Odile de Vasselot, who heard Charles de Gaulle’s World War II appeal to resist the Germans on a makeshift radio at the family château in south-central France and jumped in, first delivering mail and messages to the Resistance and later helping to escort Allied airmen across the Belgian front, died on April 21 in Paris. She was 103.
Her death, at a retirement home for nuns and priests, was announced by the Order of the Liberation, the organization that awarded her a medal established by General de Gaulle to honor heroes of the French Resistance.
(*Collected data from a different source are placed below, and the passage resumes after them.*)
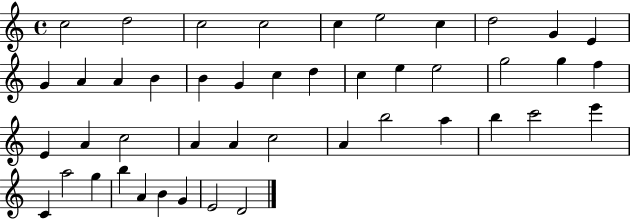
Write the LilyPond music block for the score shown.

{
  \clef treble
  \time 4/4
  \defaultTimeSignature
  \key c \major
  c''2 d''2 | c''2 c''2 | c''4 e''2 c''4 | d''2 g'4 e'4 | \break g'4 a'4 a'4 b'4 | b'4 g'4 c''4 d''4 | c''4 e''4 e''2 | g''2 g''4 f''4 | \break e'4 a'4 c''2 | a'4 a'4 c''2 | a'4 b''2 a''4 | b''4 c'''2 e'''4 | \break c'4 a''2 g''4 | b''4 a'4 b'4 g'4 | e'2 d'2 | \bar "|."
}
Ms. de Vasselot (pronounced de-VASS-euh-low) was one of thousands of young Frenchwomen and men who quietly went to war against the Germans invaders after the country’s defeat in 1940 during the Battle of France. She began modestly, chalking the Lorraine Cross, adopted by General de Gaulle as a symbol of the Resistance, on walls and tearing down the propaganda posters of the Germans and their French Vichy-regime confederates. By the war’s end, she was going on dangerous nocturnal missions.
“One had to do something,” she said in an interview many years later. “One never has the right to just sit there and do nothing.”
She recalled being incensed, as an 18-year-old, by the sight of the giant Nazi flags over the Rue de Rivoli in Paris: “It was unthinkable, with those huge banners flying with the swastika on them.”
At her death, President Emmanuel Macron of France saluted “a great lady who honorably answered all the appeals, throughout her life, and did so with a courage that can only edify us.”